The present study shows that phenotype E and M patients with emphysema had higher RV/TLC compared with phenotype A patients, which is in accordance with the HRCT phenotype definition. However, there was no significant difference in FEV1/FVC, FEV1%, and RV/TLC between the phenotype E and M patients, indicating that the difference between these two cases was not caused by destruction of the lung parenchyma. However, the small airway bronchus thickening of the wall was not apparent in HRCT. Hence, compared with phenotype M patients, the decreased pulmonary function in phenotype E patients may be correlated to the decline in alveolar elastic retraction force. Thus, in the same group of COPD patients using the same indicators of lung function, different pathological changes can be observed. This finding is consistent with previous research. 14
In the present study, FEV1/FVC and FEV1% differed in patients with COPD according to the degree of emphysema and bronchial wall thickening. FEV1/FVC and FEV1% in phenotype A patients were significantly higher than in phenotype E and M patients. This indicates that the degree of airflow in patients with phenotype A was less severe and RV/TLC was lower than in the other two phenotypes, and that the degree of emphysema was therefore milder. Furthermore, this finding shows that the reduction in lung function in patients with phenotype A was less severe than that in the other two phenotypes. Furthermore, RV/TLC, an indicator of air flow retention, was higher for phenotypes E and M than for phenotype A. The TLC% for phenotype E (125.89 ± 8.20) was significantly higher than that for phenotype A (110.84 ± 6.62) and phenotype M (112.08 ± 5.94), indicating obvious emphysema in phenotype E. These results support the classification of COPD by phenotype.
The present study had several limitations. The use of manual measurement of the degree of bronchial wall thickening meant that the results were more subjective. Furthermore, our study population included more phenotype A patients than phenotype E and M patients, which may have affected the analysis. Finally, given the retrospective nature of this analysis, it was not possible to compare data from assessments performed before and after the treatment of patients.

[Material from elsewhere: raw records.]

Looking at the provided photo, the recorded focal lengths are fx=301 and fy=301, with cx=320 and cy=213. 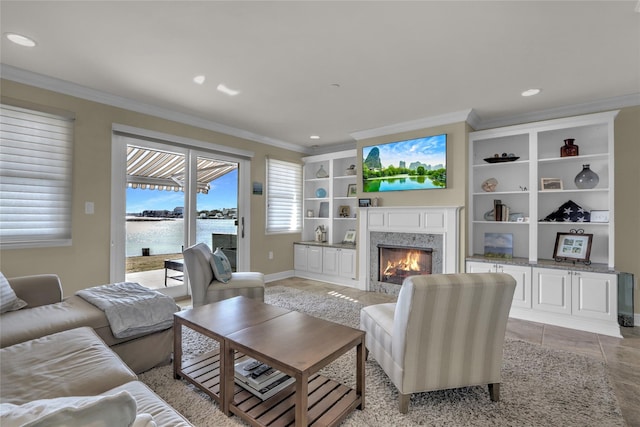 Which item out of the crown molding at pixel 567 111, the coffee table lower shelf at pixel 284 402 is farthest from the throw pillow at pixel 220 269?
the crown molding at pixel 567 111

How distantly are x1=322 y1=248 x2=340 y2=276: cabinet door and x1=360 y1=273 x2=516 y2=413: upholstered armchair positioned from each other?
331 cm

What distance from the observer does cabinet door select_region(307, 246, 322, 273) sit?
17.9 ft

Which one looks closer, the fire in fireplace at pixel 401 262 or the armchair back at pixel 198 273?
the armchair back at pixel 198 273

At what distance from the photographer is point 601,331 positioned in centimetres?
312

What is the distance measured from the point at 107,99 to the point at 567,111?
5.46m

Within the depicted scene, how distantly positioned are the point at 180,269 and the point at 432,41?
12.9 ft

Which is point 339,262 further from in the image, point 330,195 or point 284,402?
point 284,402

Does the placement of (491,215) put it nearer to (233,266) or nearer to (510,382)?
(510,382)

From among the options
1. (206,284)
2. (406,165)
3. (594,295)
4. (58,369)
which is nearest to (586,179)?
(594,295)

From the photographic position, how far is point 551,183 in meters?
3.71

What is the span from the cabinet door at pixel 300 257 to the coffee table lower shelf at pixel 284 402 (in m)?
3.58

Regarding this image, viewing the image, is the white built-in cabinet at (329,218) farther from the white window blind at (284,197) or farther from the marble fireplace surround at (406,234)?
the marble fireplace surround at (406,234)

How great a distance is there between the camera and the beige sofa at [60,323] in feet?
6.03

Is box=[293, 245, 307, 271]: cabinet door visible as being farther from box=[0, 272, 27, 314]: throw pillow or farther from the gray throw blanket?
box=[0, 272, 27, 314]: throw pillow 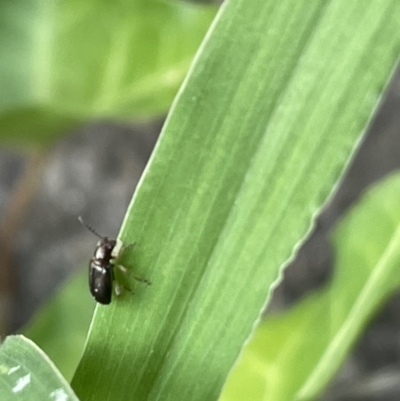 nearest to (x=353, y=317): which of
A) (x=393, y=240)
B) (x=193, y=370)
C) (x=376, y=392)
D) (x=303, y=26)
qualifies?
(x=393, y=240)

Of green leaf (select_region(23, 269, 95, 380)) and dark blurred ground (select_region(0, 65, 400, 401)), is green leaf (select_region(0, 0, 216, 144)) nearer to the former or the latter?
green leaf (select_region(23, 269, 95, 380))

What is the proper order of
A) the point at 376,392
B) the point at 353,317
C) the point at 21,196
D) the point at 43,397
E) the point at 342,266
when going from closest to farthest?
the point at 43,397
the point at 353,317
the point at 342,266
the point at 21,196
the point at 376,392

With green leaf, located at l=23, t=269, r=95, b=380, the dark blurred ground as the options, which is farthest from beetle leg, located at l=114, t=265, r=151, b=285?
the dark blurred ground

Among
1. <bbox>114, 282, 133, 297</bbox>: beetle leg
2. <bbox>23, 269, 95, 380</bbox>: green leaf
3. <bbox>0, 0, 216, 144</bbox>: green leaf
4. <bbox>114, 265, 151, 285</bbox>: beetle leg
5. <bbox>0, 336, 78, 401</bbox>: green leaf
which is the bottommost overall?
<bbox>0, 336, 78, 401</bbox>: green leaf

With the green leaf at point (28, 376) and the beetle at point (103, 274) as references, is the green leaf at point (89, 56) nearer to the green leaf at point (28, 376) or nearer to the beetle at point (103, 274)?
the beetle at point (103, 274)

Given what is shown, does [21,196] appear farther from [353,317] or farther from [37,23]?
[353,317]

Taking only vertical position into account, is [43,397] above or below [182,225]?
below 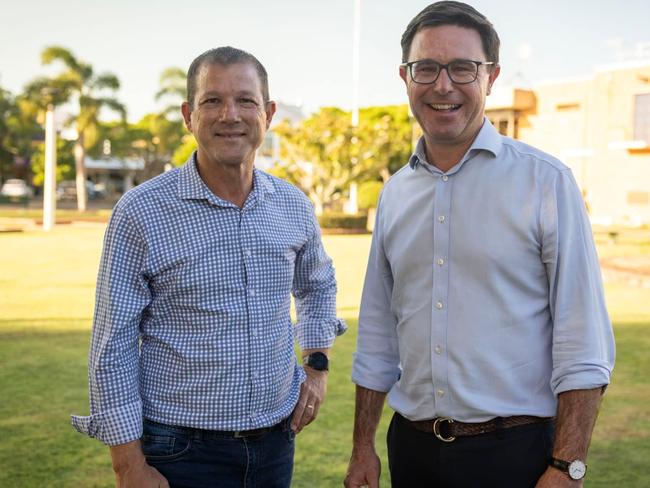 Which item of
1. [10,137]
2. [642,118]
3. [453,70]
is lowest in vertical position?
[453,70]

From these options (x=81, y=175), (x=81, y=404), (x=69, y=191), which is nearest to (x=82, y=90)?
(x=81, y=175)

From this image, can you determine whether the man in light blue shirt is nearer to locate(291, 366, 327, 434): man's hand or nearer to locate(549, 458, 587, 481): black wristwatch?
locate(549, 458, 587, 481): black wristwatch

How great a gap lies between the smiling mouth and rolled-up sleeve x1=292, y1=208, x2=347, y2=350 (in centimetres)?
71

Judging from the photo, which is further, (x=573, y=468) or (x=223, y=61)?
(x=223, y=61)

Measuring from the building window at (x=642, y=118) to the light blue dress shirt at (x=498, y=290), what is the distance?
38.9 meters

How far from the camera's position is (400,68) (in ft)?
8.05

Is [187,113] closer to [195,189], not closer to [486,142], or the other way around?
[195,189]

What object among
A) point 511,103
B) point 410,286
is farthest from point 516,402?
point 511,103

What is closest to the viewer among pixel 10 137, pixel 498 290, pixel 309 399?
pixel 498 290

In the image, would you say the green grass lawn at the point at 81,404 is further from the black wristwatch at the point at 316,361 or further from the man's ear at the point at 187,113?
the man's ear at the point at 187,113

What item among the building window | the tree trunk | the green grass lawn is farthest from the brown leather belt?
the tree trunk

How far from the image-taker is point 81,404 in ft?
18.8

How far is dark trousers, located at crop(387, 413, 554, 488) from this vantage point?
2.20 m

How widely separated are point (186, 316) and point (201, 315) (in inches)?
1.8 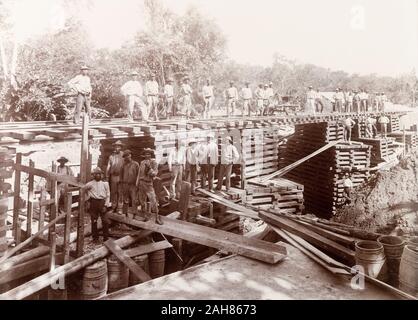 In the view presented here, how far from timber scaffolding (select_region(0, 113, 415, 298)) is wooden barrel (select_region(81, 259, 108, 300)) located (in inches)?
7.0

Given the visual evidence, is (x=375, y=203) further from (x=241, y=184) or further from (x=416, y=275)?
(x=416, y=275)

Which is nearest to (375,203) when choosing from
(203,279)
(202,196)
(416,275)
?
(202,196)

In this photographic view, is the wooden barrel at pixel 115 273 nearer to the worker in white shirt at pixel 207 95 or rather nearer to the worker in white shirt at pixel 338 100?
the worker in white shirt at pixel 207 95

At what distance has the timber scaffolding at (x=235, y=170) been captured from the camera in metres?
7.33

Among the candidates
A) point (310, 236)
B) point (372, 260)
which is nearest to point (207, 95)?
point (310, 236)

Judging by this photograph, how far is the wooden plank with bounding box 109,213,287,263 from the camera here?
21.2 feet

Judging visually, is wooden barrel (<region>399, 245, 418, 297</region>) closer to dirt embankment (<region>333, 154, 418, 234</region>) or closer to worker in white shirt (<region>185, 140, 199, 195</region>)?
worker in white shirt (<region>185, 140, 199, 195</region>)

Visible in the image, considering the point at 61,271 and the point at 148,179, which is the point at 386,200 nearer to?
the point at 148,179

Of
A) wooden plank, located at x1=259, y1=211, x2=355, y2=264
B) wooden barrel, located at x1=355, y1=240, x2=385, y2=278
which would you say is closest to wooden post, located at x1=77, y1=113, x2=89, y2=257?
wooden plank, located at x1=259, y1=211, x2=355, y2=264

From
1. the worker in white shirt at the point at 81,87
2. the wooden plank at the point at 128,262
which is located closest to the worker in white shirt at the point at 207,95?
the worker in white shirt at the point at 81,87

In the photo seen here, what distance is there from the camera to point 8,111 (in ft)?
55.6

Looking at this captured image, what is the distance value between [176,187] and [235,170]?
133 inches

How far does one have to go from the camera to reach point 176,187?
36.3 ft

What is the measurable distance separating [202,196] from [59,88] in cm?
1132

Further research is therefore needed to determine how different phenotypes respond to treatment.
Conclusion
HRCT can accurately reflect lung structure and pathological changes. Particularly in patients with no/mild or asymptomatic emphysema, an early and quantitative diagnosis can be achieved using HRCT, allowing for the intuitive evaluation of lung tissue morphology and function as well as a comprehensive assessment of the disease and prognosis.